PDOX tumor cells dissociated from mice xenografts can serve as a sustained source of cells (in addition to primary patient tumor cells) to establish in vitro tumor cell lines successfully. Tumor cells can be cultured in different culture media with penicillin/streptomycin at 5% CO₂ incubator at 37 degrees. In addition to classic monolayer cultures, 3D growth of neurospheres (which are enriched with putative cancer stem cells) and tumor organoids can be initiated as well.

a. Monolayer cells: DMEM media supplemented with 10% fetal bovine serum;

b. Serum-free neurosphere culture medium [54,55,56,57,58]:

• DMEM/F12: 500 mL (VWR, 45000-344)
• rhEGF: add 25 µg to 500 mL (final concentration: 50 ng/mL) (R&D Systems, 236-EG)
• rhFGF-basic: add 25 µg to 500 mL (final concentration: 50 ng/mL) (R&D Systems, 4114-TC-01M)
• B27 supplement: use a whole vial (final concentration: 1x) (Invitrogen, 17504-044)
• N2 supplement: use a whole vial (final concentration: 1x) (Invitrogen, 17504-048)
• Penicillin–streptomycin: 10 mL (Invitrogen, 15140-122)
• L-Glutamine-200 mM: 5 mL (original 100x) (optional) (Invitrogen, 25030-149)
• Due to the invasive growth of PDOX tumors in mouse brains, mouse cells are frequently present in the dissociated xenograft tumor cells. Therefore, determination of the cell origin (mouse or human) should be carried out periodically either with RT-PCR using human-specific and mouse specific-genes, or FCM, or both.
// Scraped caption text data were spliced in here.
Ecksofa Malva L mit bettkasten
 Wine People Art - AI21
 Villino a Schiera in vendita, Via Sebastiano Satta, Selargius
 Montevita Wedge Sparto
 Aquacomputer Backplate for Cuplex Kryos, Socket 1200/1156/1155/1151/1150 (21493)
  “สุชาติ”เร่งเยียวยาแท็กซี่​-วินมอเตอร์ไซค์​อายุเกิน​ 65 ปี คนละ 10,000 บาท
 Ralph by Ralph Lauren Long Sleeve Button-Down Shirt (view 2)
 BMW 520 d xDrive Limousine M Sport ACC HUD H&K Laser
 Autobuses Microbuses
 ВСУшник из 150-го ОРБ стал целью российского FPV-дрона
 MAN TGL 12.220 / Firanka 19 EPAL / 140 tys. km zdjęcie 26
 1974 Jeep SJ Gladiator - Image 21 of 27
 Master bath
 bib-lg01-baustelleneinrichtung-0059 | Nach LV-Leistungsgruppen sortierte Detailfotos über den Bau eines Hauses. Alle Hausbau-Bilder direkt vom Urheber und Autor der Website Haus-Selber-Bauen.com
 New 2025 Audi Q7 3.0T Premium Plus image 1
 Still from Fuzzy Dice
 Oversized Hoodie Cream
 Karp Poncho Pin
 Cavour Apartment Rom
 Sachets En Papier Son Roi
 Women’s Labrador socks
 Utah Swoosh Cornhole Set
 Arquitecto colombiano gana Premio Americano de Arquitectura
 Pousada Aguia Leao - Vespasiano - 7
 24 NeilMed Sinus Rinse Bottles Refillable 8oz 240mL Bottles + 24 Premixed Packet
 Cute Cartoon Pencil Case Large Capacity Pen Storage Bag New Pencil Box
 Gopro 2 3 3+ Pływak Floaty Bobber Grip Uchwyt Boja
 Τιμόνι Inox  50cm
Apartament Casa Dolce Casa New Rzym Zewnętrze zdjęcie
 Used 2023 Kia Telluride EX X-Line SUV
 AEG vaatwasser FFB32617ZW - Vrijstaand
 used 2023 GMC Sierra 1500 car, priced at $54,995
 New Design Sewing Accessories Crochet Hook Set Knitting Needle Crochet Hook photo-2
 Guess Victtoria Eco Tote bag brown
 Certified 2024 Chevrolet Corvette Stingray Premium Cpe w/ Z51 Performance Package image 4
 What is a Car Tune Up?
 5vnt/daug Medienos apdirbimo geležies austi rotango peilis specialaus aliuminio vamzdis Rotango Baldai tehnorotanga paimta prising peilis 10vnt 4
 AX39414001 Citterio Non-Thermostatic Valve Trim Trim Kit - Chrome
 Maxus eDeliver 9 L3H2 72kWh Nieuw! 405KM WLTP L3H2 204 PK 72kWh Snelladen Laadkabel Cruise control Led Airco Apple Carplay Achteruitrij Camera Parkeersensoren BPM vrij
5. Statistical Considerations for Pre-Clinical Drug Testing

For pre-clinical evaluation of single-agent treatment, sample size calculations for determining treatment efficacy must contain adequate numbers in order to detect difference and account for unanticipated complications (infection, surgical or anesthesia complications). Response to therapy may vary as tumors progress and potentially metastasize. Therefore, most often, experimental design includes two cohorts, one with small tumors that have been implanted for 2 weeks (1–2 mm in size at time of treatment) and one with large tumors (4–6 mm) that are allowed to grow for 4 weeks prior to the initiation of treatment. For traditional in vivo drug testing, sample size estimation is completed with SigmaPlot 14. For example, to detect a difference in means > 0.10, standard deviation of 0.06, power of detection of 0.90, and an alpha (the risk of a false positive conclusion) of 0.050, we usually need 10 mice per group [37,40,48,52]. Each cohort includes a control group (n = 10), treated with vehicle only; an experimental group (n = 10), and a biology group. The biology group will include three to five mice for each desired time point of evaluation.

4. Conclusions

Key points: (1) This technique can be broadly applied to all types of brain tumors. (2) The protocol is easy to follow in order to generate large cohorts of tumor-bearing mice. (3) The protocol meets the needs of biological studies and preclinical drug testing.

Characteristics of the study: (1) Rapid: implantation of one mouse takes <60 s. A team of three investigators can implant 150–200 mice in 4 h; (2) Safe: the surgically related death rate is less than 0.5% after ~40,000 orthotopic implantations; (3) Precise depth of tumor cell engraftment and highly reproducible: said depth is determined by a stopper. (4) Only a small amount (as few as 0.1 million) patient tumor cells are needed. (5) High tumor take rate (greater than 60–70%); (6) No need for extra equipment (as ours is a freehand procedure); (7) Biologically accurate: brain tumors can be grown in corresponding locations in the mouse brain; (8) Clinically relevant: the existence of the blood–brain barrier enables evaluation of the efficacy of in vivo drug delivery and overall therapeutic efficacy; (9) Remarkably increased success in developing matching in vivo models: PDOX tumors provide a resourceful platform for establishing matching panels of in vitro models.